Recombinant Severe acute respiratory syndrome coronavirus 2 Nucleoprotein (N), Biotinylated, is expressed in E. coli and covers the complete sequence spanning amino acids 1-419. The protein includes an N-terminal MBP-tag and a C-terminal 6xHis-Avi-tag, which appears to support diverse research applications. Purity reaches over 85% as confirmed by SDS-PAGE, though actual performance may vary depending on specific experimental conditions. This protein is designed strictly for research purposes and seems to provide a reliable foundation for scientific investigations.
The SARS-CoV-2 Nucleoprotein likely plays a central role in viral life cycle processes. It appears primarily involved in RNA genome packaging and ribonucleoprotein complex formation. Evidence suggests it's essential for viral replication and transcription, though the exact mechanisms remain an active area of study. Given these important functions, the Nucleoprotein has emerged as a key target for researchers working to understand coronavirus biology and develop new diagnostic or therapeutic strategies.
Potential Applications
Note: The applications listed below are based on what we know about this protein's biological functions, published research, and experience from experts in the field. However, we haven't fully tested all of these applications ourselves yet. We'd recommend running some preliminary tests first to make sure they work for your specific research goals.
1. ELISA-based Binding Assays for Anti-SARS-CoV-2 Nucleoprotein Antibody Screening
This biotinylated nucleoprotein may work well as a capture antigen in ELISA setups when screening antibodies against the viral nucleoprotein.
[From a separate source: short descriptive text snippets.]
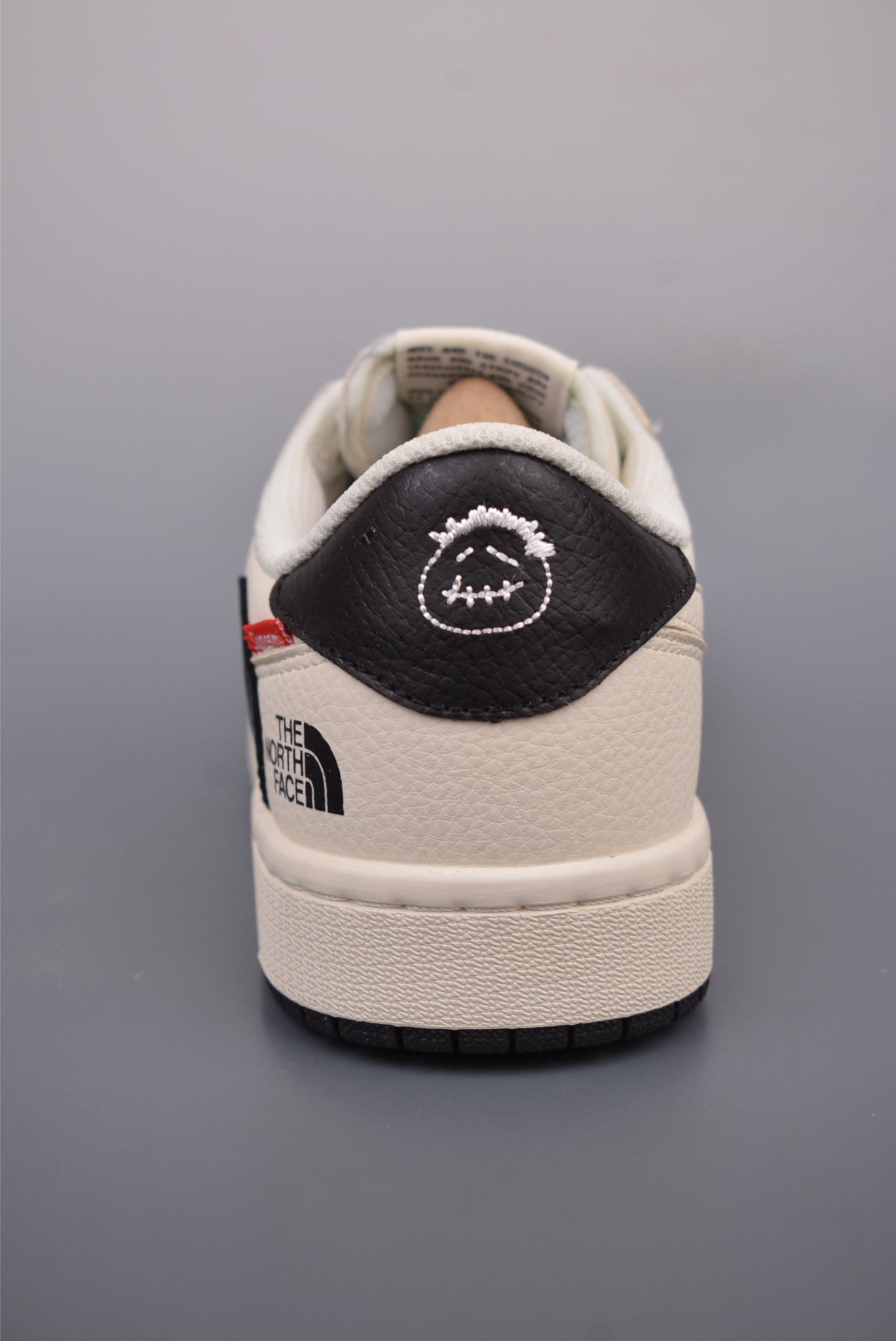 Nike Jordan Air Jordan 1 倒钩联名 DIY1688-004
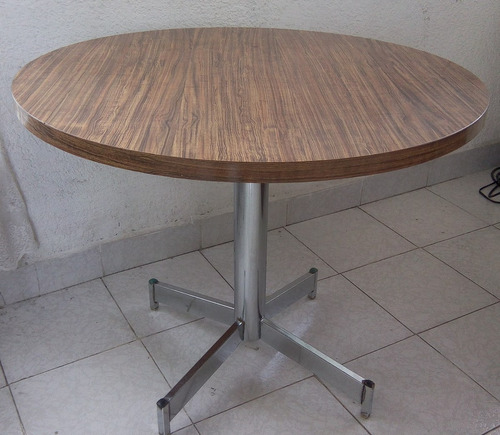 Mesa Redonda De Madera Con Base De Fierro Cromada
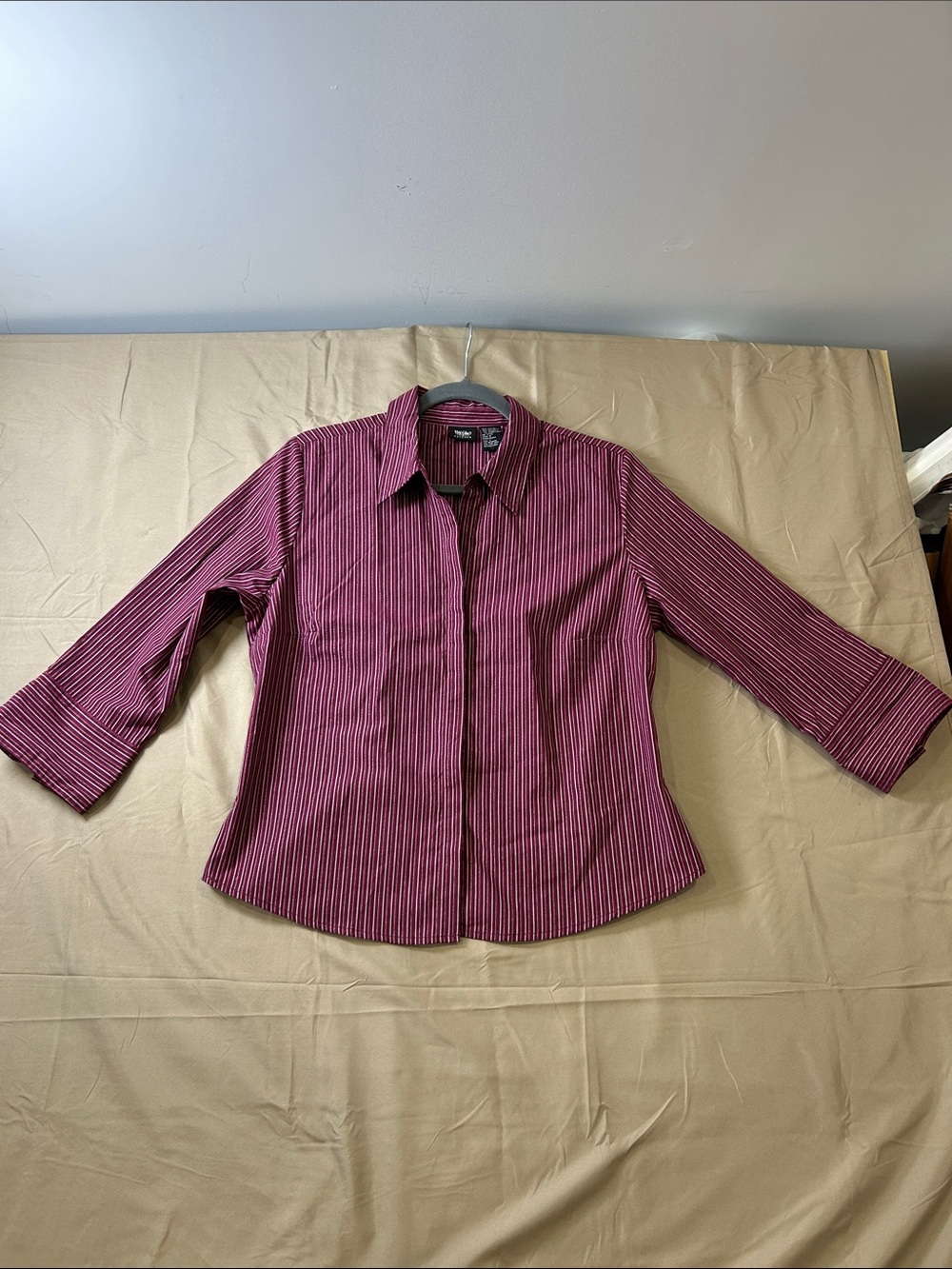 Massimo stretch Magenta Pinstripe Stretch Button-Down Shirt size large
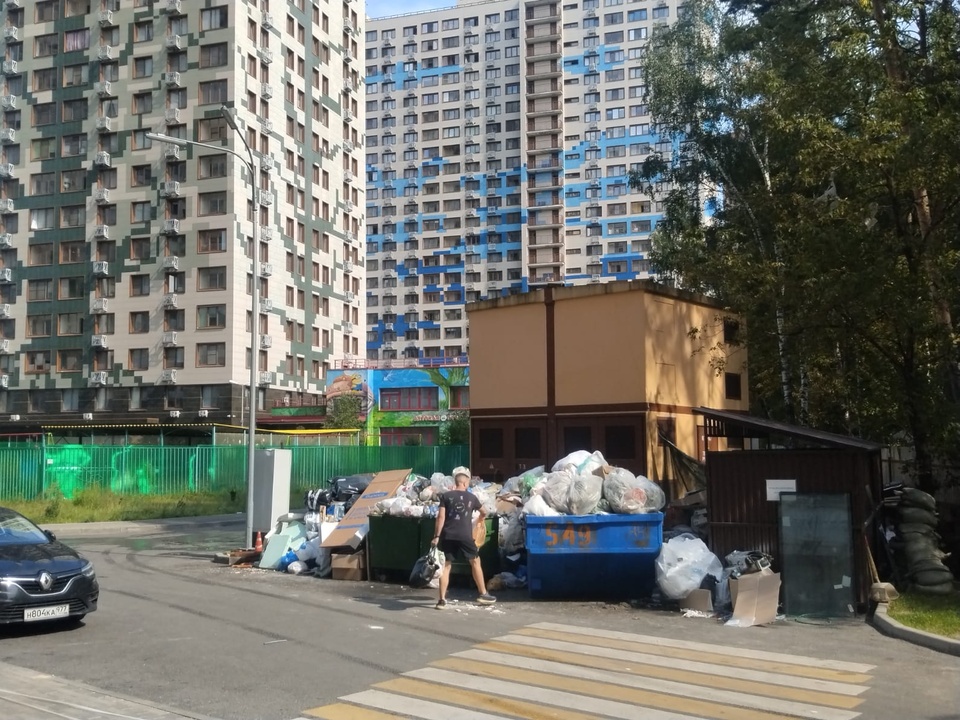 фото в процессе работ: уже доставлен бункер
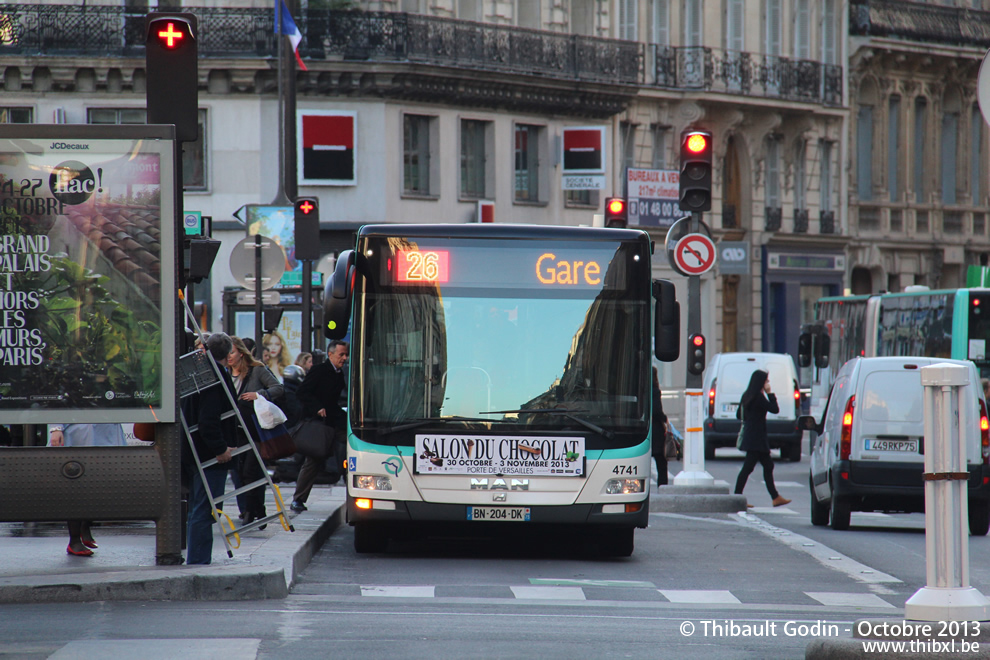 Bus 4741 (BN-204-DK) sur la ligne 26 (RATP) à Trinité - d'Estienne d'Orves (Paris)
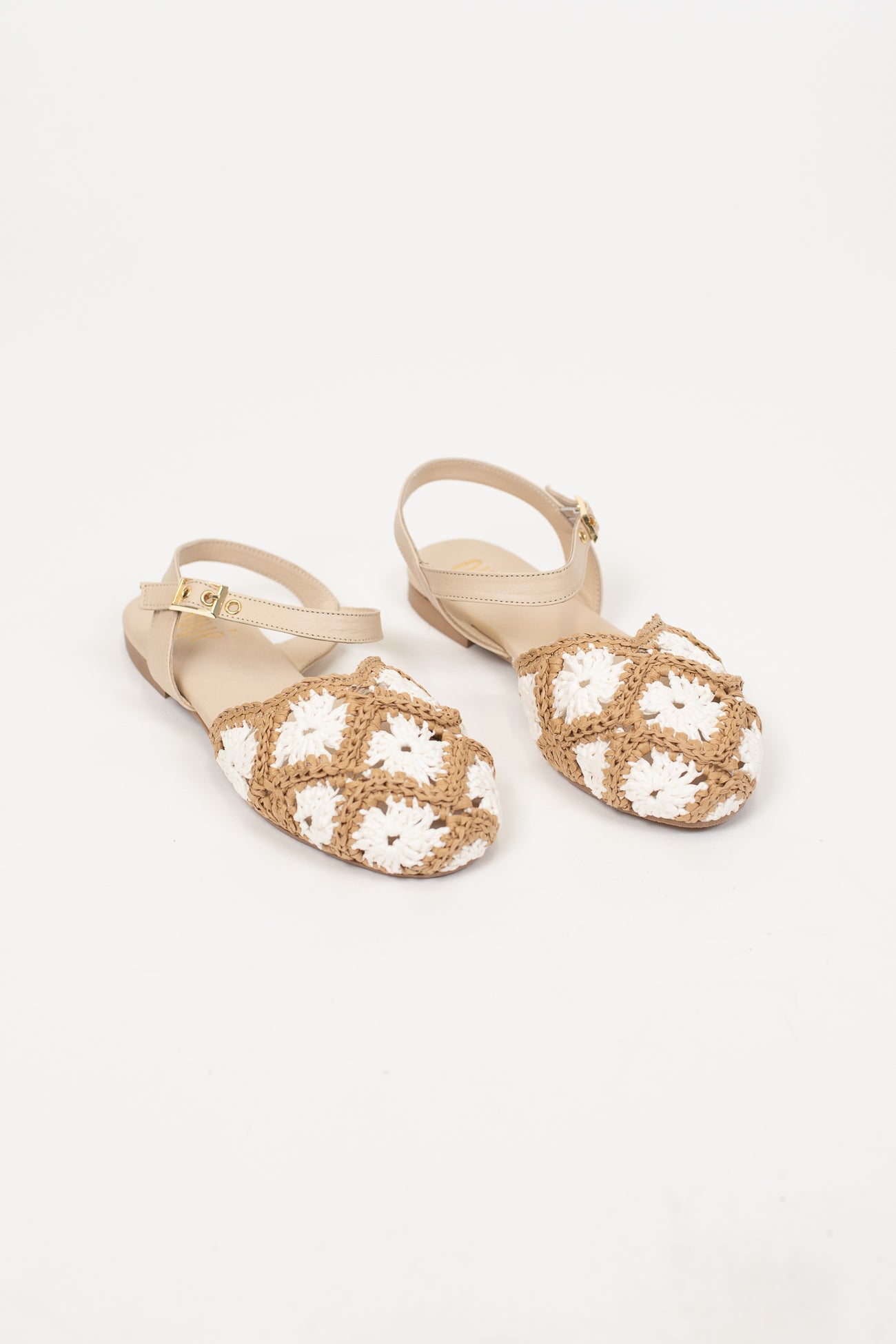 Ovyé - Slingback bassa in rafia con cinturino in pelle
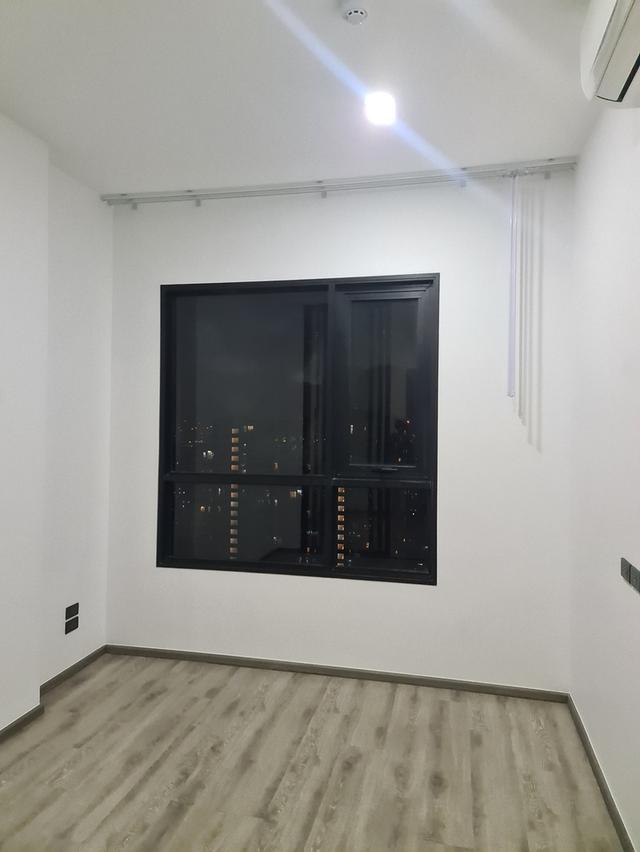 Available for Sale!!! Condo 1 Bedroom Plus at KnightsBridge Prime Onnut 4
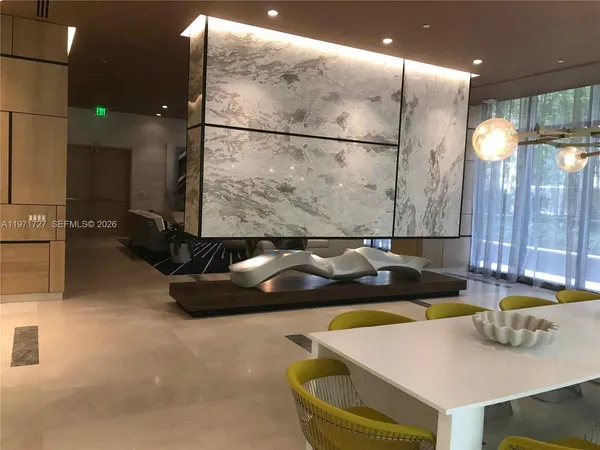 $7,600 | 45 Southwest 9th Street, Unit 3703, Miami, FL 33130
The biotin modification should allow straightforward attachment to streptavidin-coated plates, potentially providing more consistent antigen orientation compared to direct coating methods. Since the protein spans the full 1-419 amino acid sequence, it might detect antibodies that recognize various epitopes across the entire nucleoprotein structure. Researchers studying monoclonal antibody specificity and binding strength could find this particularly useful, though individual antibody characteristics will ultimately determine detection sensitivity.
2. Streptavidin-Based Pull-Down Assays for Protein-Protein Interaction Studies
Researchers can immobilize the biotinylated nucleoprotein on streptavidin beads to explore potential interactions with host proteins or other viral components under controlled conditions. The biotin-streptavidin bond appears quite stable and may withstand rigorous washing steps that help minimize unwanted background binding. Having both MBP and His tags offers some flexibility during purification and detection phases of experiments. Pull-down studies like these might reveal cellular factors that interact with SARS-CoV-2 nucleoprotein, though confirming physiological relevance would require additional validation approaches.
3. Surface Plasmon Resonance (SPR) Studies for Kinetic Analysis
SPR experiments may benefit from immobilizing this biotinylated nucleoprotein on streptavidin-coated sensor chips to measure binding kinetics with different partners—antibodies, small molecules, or nucleic acids. The biotin tag likely ensures proper orientation and stable attachment to the sensor surface, which is crucial for getting meaningful kinetic data. With purity exceeding 85% and the full-length protein structure intact, this reagent seems well-suited for quantitative measurements. Scientists can potentially extract detailed information about binding strength, how fast interactions form, and how quickly they fall apart under defined experimental conditions.
4. Immunofluorescence and Flow Cytometry Applications
When paired with fluorescent streptavidin reagents, the biotinylated nucleoprotein might prove useful in cell-based research assays. Immunofluorescence studies could benefit from this combination as a detection system, particularly when examining antibody binding patterns under microscopy. Flow cytometry applications may also work well—the biotinylated protein combined with streptavidin-fluorochrome conjugates could help detect and measure anti-nucleoprotein antibodies in research samples. The biotin modification offers flexibility since researchers can choose from various fluorescent detection systems depending on their specific experimental needs and equipment setup.
5. Biochemical Characterization and Structural Studies
This recombinant full-length nucleoprotein, with its dual tagging system, appears suitable for detailed biochemical studies including protein stability tests, oligomerization experiments, and nucleic acid binding assays. The MBP tag might help with protein solubility and proper folding, while the His tag could prove handy if additional purification steps become necessary for particular experiments. Scientists working with truncated versions or mutant nucleoproteins might find the biotinylated form serves as a useful reference standard for comparative analyses, though direct head-to-head testing would be needed to confirm any functional differences.